A negligent loosing of a dangerous substance at a site where such myriad circumstances reasonably could be foreseen to function, seems of itself to be the causa causans of such foreseeable damage, where speculation ends and permissible inference and foreseeability legally and effectively would be conceived, born and rendered applicable in determining liability. Saying so is not to disagree with defendant’s authorities anent speculation by a jury on unestablished facts where such reasonable inference or foreseeability is absent. But, if the jury believed there was an unwarranted overflow or other careless failure to control the gasoline, — which it could do on believable facts adduced here, — such authorities would be uncontrolling.

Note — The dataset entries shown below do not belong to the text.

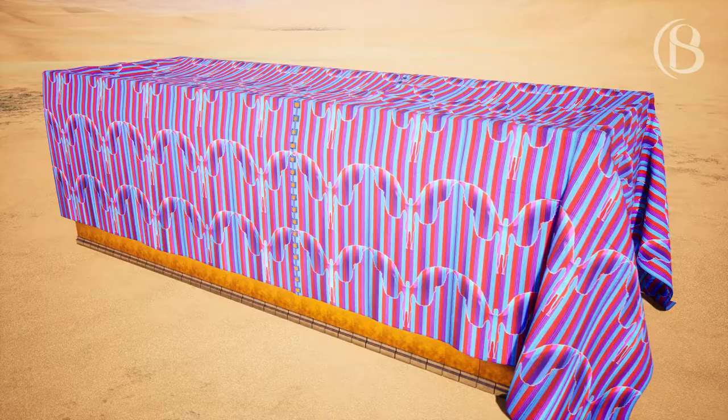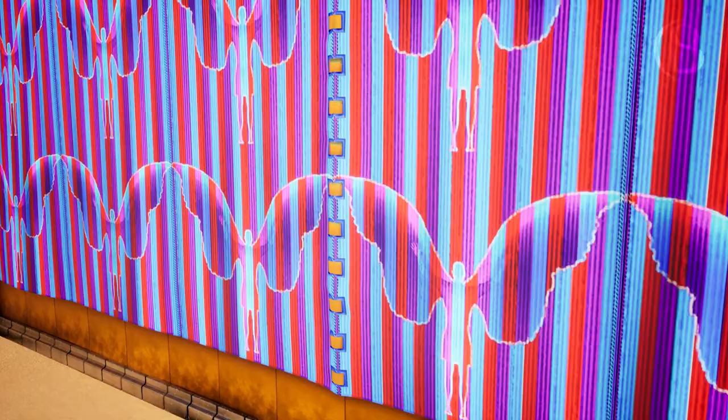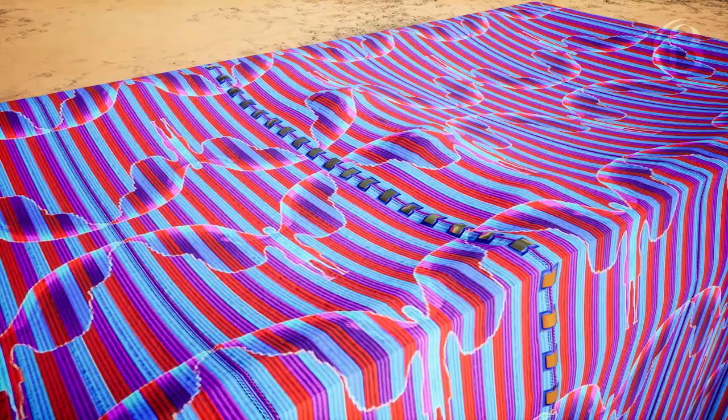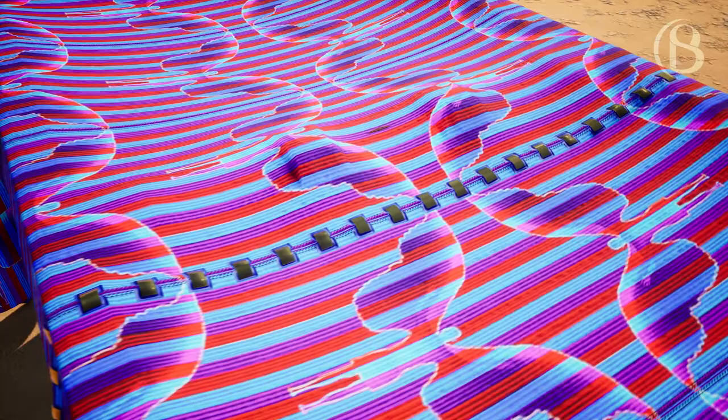Five curtains shall be coupled to one another, and the other five curtains shall be coupled to one another. You shall make loops of yarn on the edge of the curtain on the outer edge of one set, and likewise on the outer edge of the other curtain of the second set. Fifty loops you shall make in the one curtain and fifty loops on the edge of the curtain of the second set, that the loops may be clasped to one another. You shall make fifty clasps of gold and couple the curtains together with the clasps so that it may be one tabernacle.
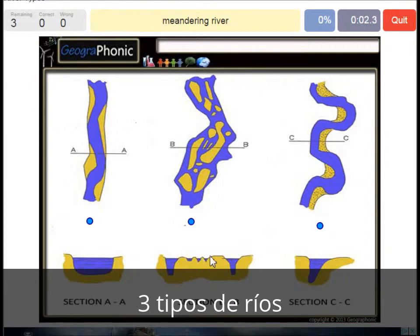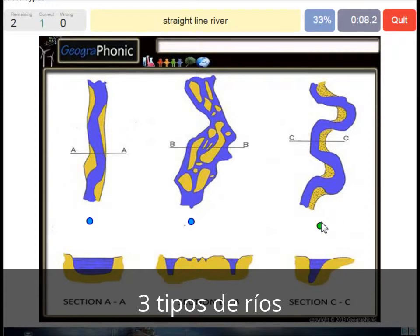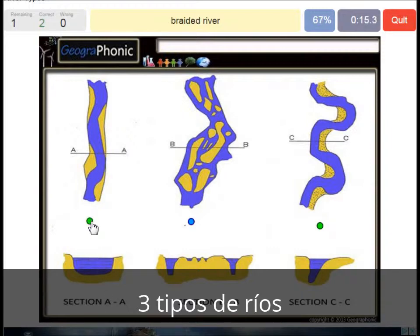Here we see a meandering river — that's cross section C. Here we see a straight line river — cross section AA. And here we see a braided river — cross section BB.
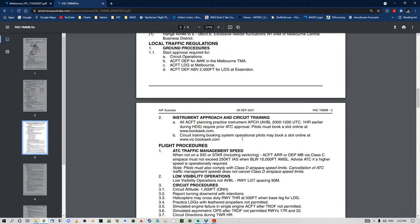Now instrument approach and circuit training — as I said before, Class D predominantly operates under VMC conditions, visual meteorological conditions. That doesn't stop people coming in doing their instrument approaches, so you need to understand and know all that.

Defendant urges error in telling the jury “it is of no consequence that you do not determine the exact point at which the gasoline escaped, nor the exact manner in which it was ignited.” The instruction was inoffensive for more than one reason. First, the primary duty of the plaintiffs was to establish a prima facie case of negligence and causation. They made such a showing of negligence by exposing Webb’s absence from the area, and one of causation by displaying a rather voluminous escape and spreading of gasoline. As we pointed out, from that juncture proof of causal specifics would be unnecessary. Secondly, it is difficult to discern any prejudice in the instruction in view of the fact it also contained an injunction that the jury should hold against plaintiffs if they believed plaintiffs to have been guilty of contributory negligence as outlined in Instruction 3, to the effect that a) they had defective equipment, or b) negligently maintained it so that a spark from the motor might ignite the gasoline.

We believe our observations answer defendant’s contention that it was error not to have given an instruction on conjecture. It well may have been better to have given such an instruction, but the jury having found as it did and its verdict reasonably having been one not founded on conjecture, but upon believable facts pointing to actionable negligence, such failure to instruct appears innocuous.

We think also that no error was committed in failing to instruct on the presumption of due care for Webb’s own safety, since the jury were told that they could not find him negligent unless they so found from a preponderance of the evidence.

WADE, C. J., and McDONOUGH, CALLISTER and CROCKETT, JJ., concur.